* **ASSIGNMENT**
With the line containing "A Man In A Black" as the start and the line containing "Munchkin Cats for" as the end, transcribe that span of the entries below exactly, including both.

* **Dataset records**
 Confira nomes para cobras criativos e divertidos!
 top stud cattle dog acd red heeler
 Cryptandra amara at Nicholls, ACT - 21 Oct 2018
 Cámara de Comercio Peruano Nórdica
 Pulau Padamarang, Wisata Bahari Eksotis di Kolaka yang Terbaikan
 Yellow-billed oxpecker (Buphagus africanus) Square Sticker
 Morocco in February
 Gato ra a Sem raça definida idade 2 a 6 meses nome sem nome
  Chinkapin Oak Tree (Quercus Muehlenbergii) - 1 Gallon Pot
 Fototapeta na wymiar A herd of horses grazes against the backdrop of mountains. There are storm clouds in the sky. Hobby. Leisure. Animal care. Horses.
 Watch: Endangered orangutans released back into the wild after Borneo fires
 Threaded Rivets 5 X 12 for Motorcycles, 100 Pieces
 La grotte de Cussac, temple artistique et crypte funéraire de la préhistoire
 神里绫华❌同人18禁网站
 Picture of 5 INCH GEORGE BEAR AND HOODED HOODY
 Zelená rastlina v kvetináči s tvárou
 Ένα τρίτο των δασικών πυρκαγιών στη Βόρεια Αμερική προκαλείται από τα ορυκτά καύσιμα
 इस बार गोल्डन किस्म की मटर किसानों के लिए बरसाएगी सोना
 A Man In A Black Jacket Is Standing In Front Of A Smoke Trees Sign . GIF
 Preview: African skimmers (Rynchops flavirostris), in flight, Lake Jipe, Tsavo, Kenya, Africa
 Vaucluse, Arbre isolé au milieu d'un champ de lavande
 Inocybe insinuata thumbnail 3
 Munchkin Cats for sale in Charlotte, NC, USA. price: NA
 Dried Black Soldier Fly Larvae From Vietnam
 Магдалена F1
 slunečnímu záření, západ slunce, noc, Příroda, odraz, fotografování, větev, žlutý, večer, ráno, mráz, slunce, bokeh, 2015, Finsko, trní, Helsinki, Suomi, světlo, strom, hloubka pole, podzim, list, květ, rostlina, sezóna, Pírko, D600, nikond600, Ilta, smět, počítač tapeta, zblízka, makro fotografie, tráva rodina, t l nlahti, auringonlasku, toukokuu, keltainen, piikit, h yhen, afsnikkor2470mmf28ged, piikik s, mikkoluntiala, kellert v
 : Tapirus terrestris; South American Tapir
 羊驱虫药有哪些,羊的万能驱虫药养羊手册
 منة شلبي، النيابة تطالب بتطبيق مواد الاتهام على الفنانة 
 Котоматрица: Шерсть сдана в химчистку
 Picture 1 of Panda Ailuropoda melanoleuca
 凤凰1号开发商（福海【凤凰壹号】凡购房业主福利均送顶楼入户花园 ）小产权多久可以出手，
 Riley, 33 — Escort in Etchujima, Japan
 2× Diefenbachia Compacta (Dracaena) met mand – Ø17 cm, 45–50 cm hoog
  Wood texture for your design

* **REPLY TO THE EXERCISE**
 A Man In A Black Jacket Is Standing In Front Of A Smoke Trees Sign . GIF
 Preview: African skimmers (Rynchops flavirostris), in flight, Lake Jipe, Tsavo, Kenya, Africa
 Vaucluse, Arbre isolé au milieu d'un champ de lavande
 Inocybe insinuata thumbnail 3
 Munchkin Cats for sale in Charlotte, NC, USA. price: NA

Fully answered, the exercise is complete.